*** Data to use ***
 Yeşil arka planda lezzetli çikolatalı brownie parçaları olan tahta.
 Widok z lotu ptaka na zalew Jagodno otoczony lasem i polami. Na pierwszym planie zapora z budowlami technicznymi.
*** End of Data to use ***
*** Data to use ***
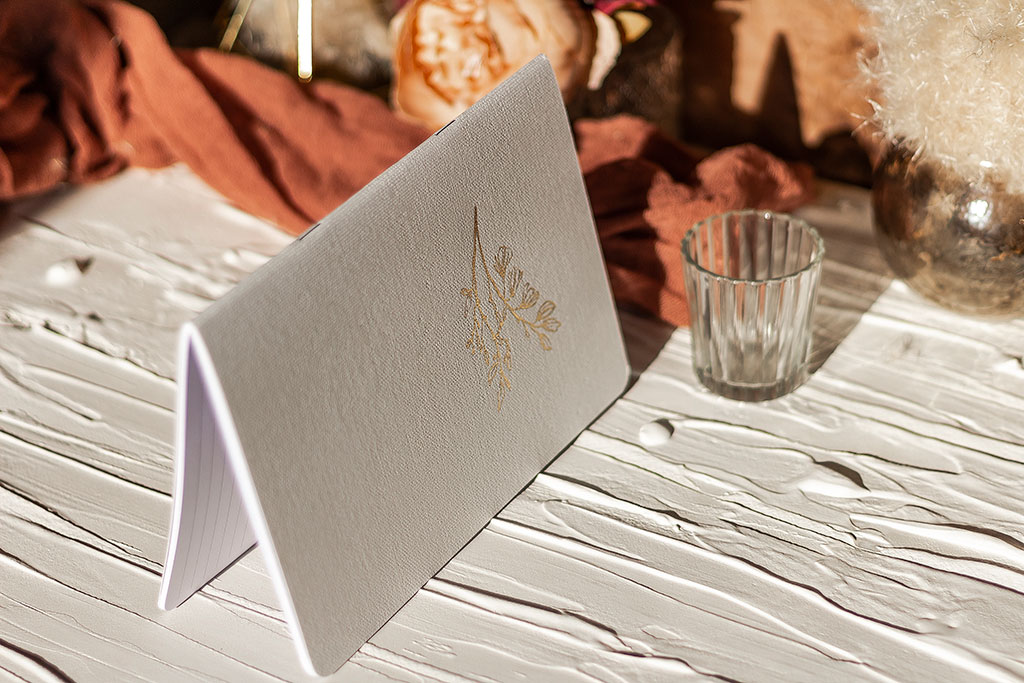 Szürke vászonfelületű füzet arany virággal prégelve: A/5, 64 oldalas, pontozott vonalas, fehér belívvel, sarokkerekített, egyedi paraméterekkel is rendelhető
*** End of Data to use ***
Problem :: Using only the entries above, output the line with "Yeşil arka planda", the line with "Widok z lotu", and all lines between them, exactly as they stand.

Answer to the exercise ::
 Yeşil arka planda lezzetli çikolatalı brownie parçaları olan tahta.
 Widok z lotu ptaka na zalew Jagodno otoczony lasem i polami. Na pierwszym planie zapora z budowlami technicznymi.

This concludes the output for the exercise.